Each function that saves data takes in the arguments `dataset_name` and `save_dir`, among others like the microphone and centroid data, _etc._
- `dataset_name` is the name of the dataset, e.g. `Pu166_01`. The name of any MAT file saved by this notebook will start with this dataset name.
- `save_dir` is the directory in which to save the data. A default directory was created in the cell above.

In [None]:
DATASET_NAME = "Pu166_02";
SAVE_DIR = "./saved_chirp_sequences";

## Read in microphone and centroid data

In [None]:
## Read in microphone data
y = readmicdata(AUDIO_FILENAME);

In [None]:
centroids = Matrix(transpose( matread(CENTROID_FILENAME)[CENTROID_VARIABLE_NAME]));
mic_positions = Matrix(transpose( matread(MIC_POSITION_FILENAME)[MIC_POSITION_VARIABLE_NAME]));

## Stage 1: High-SNR Regions
**Note**: to run future sections, you need to run the **Parameters** and **Load Helper Functions** parts of previous sections, but you don't need to run the **Save Data** part of Stage 1 if you only want the output from Stage 2, _e.g._. Please do read through the description of the saved data for all stages, however, so that you can understand what is saved for each stage.

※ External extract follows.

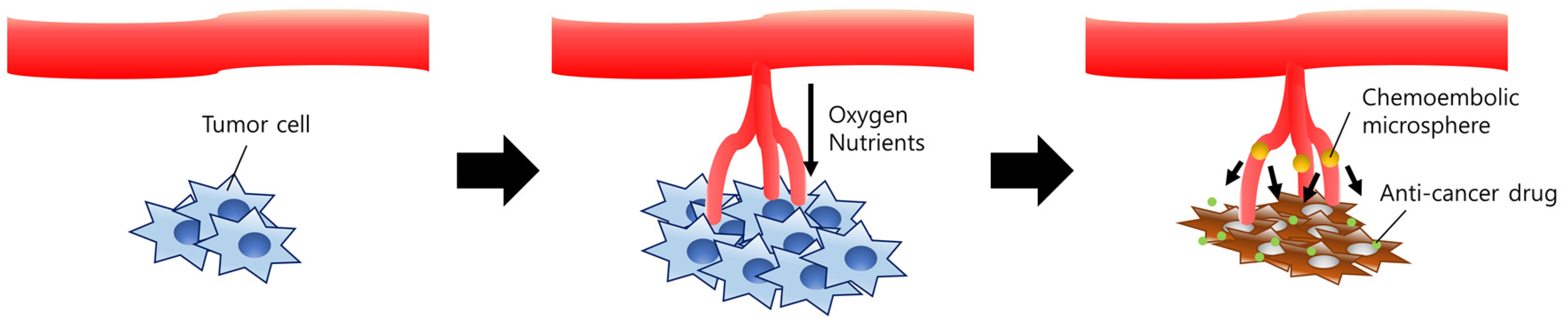 Marinedrugs 15 00060 g002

### Parameters (From `Walkthrough.ipynb`)

In [None]:
### SET THESE PARAMETERS ###
SIGNAL_THRESH = 30
MAXFILTER_LENGTH_MS = 0.1
MAXFILTER_LENGTH = Int64(round(MAXFILTER_LENGTH_MS / 1000 * FS));

MIN_PEAK_THRESH = 35;
SNR_DROP_THRESH = 20;
PEAK_SNR_THRESH_RADIUS = 2500;

TAIL_SNR_THRESH = 20;
TAIL_MAXFILTER_LENGTH = 50;
#############################
HIGH_SNR_PARAMS = Dict(
    :signal_thresh => SIGNAL_THRESH,
    :maxfilter_length => MAXFILTER_LENGTH,
    :min_peak_thresh => MIN_PEAK_THRESH,
    :snr_drop_thresh => SNR_DROP_THRESH,
    :peak_snr_thresh_radius => PEAK_SNR_THRESH_RADIUS,
    :tail_snr_thresh => TAIL_SNR_THRESH,
    :tail_maxfilter_length => TAIL_MAXFILTER_LENGTH
);

### Load Helper Functions

In [None]:
include("SaveHighSnrRegions.jl");

In [None]:
function getmicfield(mat_data, name_after_mic_k_, mic)
    return mat_data["mic_" * string(mic) * "_" * name_after_mic_k_];
end

### Save Data

In [None]:
savehighsnrregions(y, DATASET_NAME, SAVE_DIR);

### Breakdown of saved data
A mat file will be stored in `save_dir` from above, with the name format `{dataset_name}_high_snr_regions.mat` (for example. `Pu166_01_high_snr_regions.mat`).

In [None]:
filename_stage1 = (@sprintf "%s/%s_high_snr_regions.mat" SAVE_DIR DATASET_NAME)

In [None]:
saved_mat_data_stage1 = matreadsorted(filename_stage1)

In [None]:
mics = Vector{Int}(undef, 0);
num_high_snr_regions_per_mic = Dict();
for key=keys(saved_mat_data_stage1)
    maybe_match = match(r"mic_(\d)_high_snr_region_onsets_ms", key);
    if isnothing(maybe_match)
        continue
    end
    mic = parse(Int64, maybe_match[1]);
    mics = vcat(mics, mic);
    num_high_snr_regions_per_mic[mic] = length(saved_mat_data_stage1[key]);
    @printf "***For mic %d, there were %d high-SNR regions found.***\n" mic length(saved_mat_data_stage1[key])
end
println("Mics that found high-SNR regions: ", mics)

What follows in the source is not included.